Le héros au sourire si doux.

Le héros au sourire si doux.

Assez de livres, d’actualités et de futur proche, aujourd’hui plongeons-nous dans sujet plus récréatif : la dernière série Star Wars, « Le Mandalorien » (The Mandalorian en VO).

Il s’agit d’une bonne surprise pour les amateurs de la série de films, qui ont traversé successivement une longue période de vaches maigres : les 16 ans qui ont suivi la sortie de la première trilogie, puis une déception avec les épisodes 1 à 3, puis une attente inquiète et une sorte différente de déception avec les épisodes 7 à 9 et autres spin-off produits par Disney.

De quoi s’agit-il ?

Ces oreilles me rappellent quelqu’un…

Ces oreilles me rappellent quelqu’un…

Le protagoniste qui donne son nom à la série est un chasseur de primes. Orphelin recruté très jeune par une secte de guerriers d’élite, il ne quitte jamais son armure ni son casque, composés d’un métal précieux et particulièrement solide. Ayant accepté de la guilde des chasseurs de primes une mission inhabituelle, il se retrouve gardien d’une étrange petite créature.

Clichés

Disons-le tout de suite, les scénaristes n’ont pas eu la main légère sur les stéréotypes.
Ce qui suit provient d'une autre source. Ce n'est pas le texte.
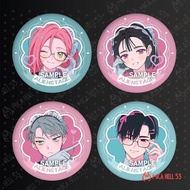 Alien Stage Badge Anime Alien Stage Badge Glitter Badge Ver 1 HH148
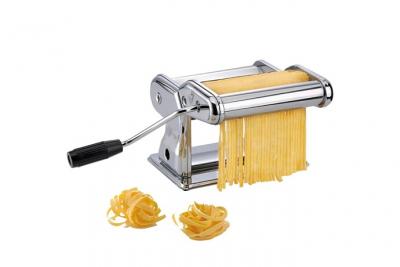 Machine &agrave; p&acirc;tes pasta perfetta brillante en acier inoxydable argent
Je liste dans le désordre :

  • Le héros solitaire et taciturne, mais qui a toujours la bonne réplique.
  • Le combattant ultime, qui ne fait rien par hasard et qu’aucun humain ne peut arrêter.
  • L’homme casqué / masqué dont on ne voit jamais le visage, classique dans le monde de Star Wars.
  • Le métal indestructible et hyper-rare (nouvelle incarnation de l’unobtainium).
  • L’ordre de guerriers mystiques - les moines Shaolin de l’espace arrivent !
  • Les méchants sont, bien sûr, très très méchants.

Au moins c’est clair : on ne signe pas pour du cinéma d’art et d’essai. Il faut bien le dire, parfois les acteurs surjouent quelque peu, certaines scènes sont un peu téléphonées. Mais dans cette série, je trouve que cela donne un côté « Pulp » qui n’est pas toujours déplaisant.

La loi de l’Ouest

Le cliché le plus assumé reste l’atmosphère de Western. On ne compte plus les bars, duels, bourgades tombées sous la coupe de bandes criminelles, etc. Le héros poursuit des fugitifs mis à prix, rencontre des gens estimables et d’autres moins, règle ses comptes lui-même avec ses poings et ses armes. Certains ont même vu dans sa démarche un peu lourde (une armure, ça pèse) un rappel des jambes arquées par la chevauchée, du bruit des éperons sur les planches. Le tout se déroule une toile de fond de frontière, de créatures étranges et de technologie de seconde main, dans des décors naturels : désert, forêt, marécages, où les personnages dorment régulièrement à la belle étoile.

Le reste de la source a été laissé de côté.